Prompt: Take the lines from the one with "Wohnzimmer mit offener Küche | © Dawonia" through the last line of the material below and write them out exactly, without any pictures.

Stored data:
+ + +

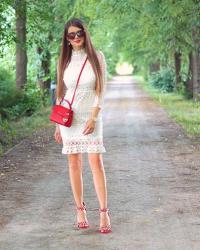 YOINS WHITE LACE DRESS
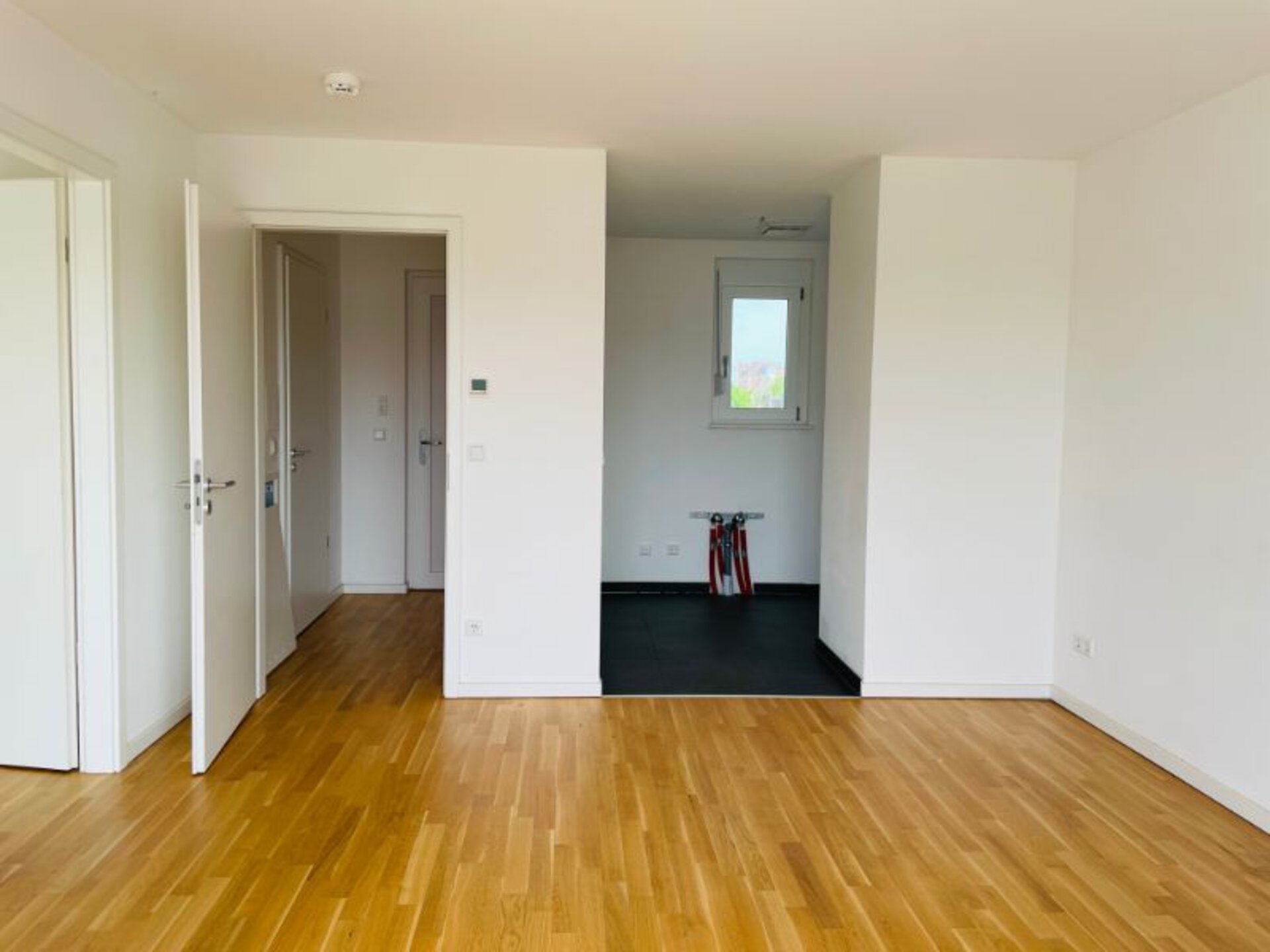 Wohnzimmer mit offener Küche | © Dawonia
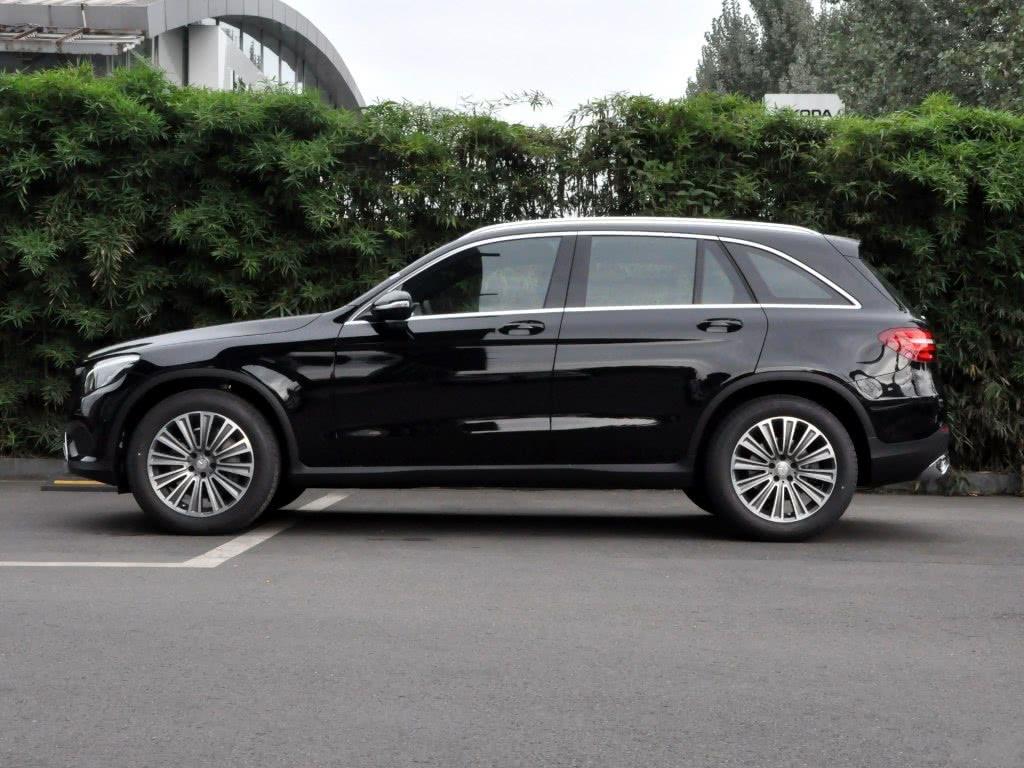 被宝马5系逼坏了！新车配2.0T＋L4油耗7.2，动力吊打C级，39万起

+ + +

Finished task:
 Wohnzimmer mit offener Küche | © Dawonia
 被宝马5系逼坏了！新车配2.0T＋L4油耗7.2，动力吊打C级，39万起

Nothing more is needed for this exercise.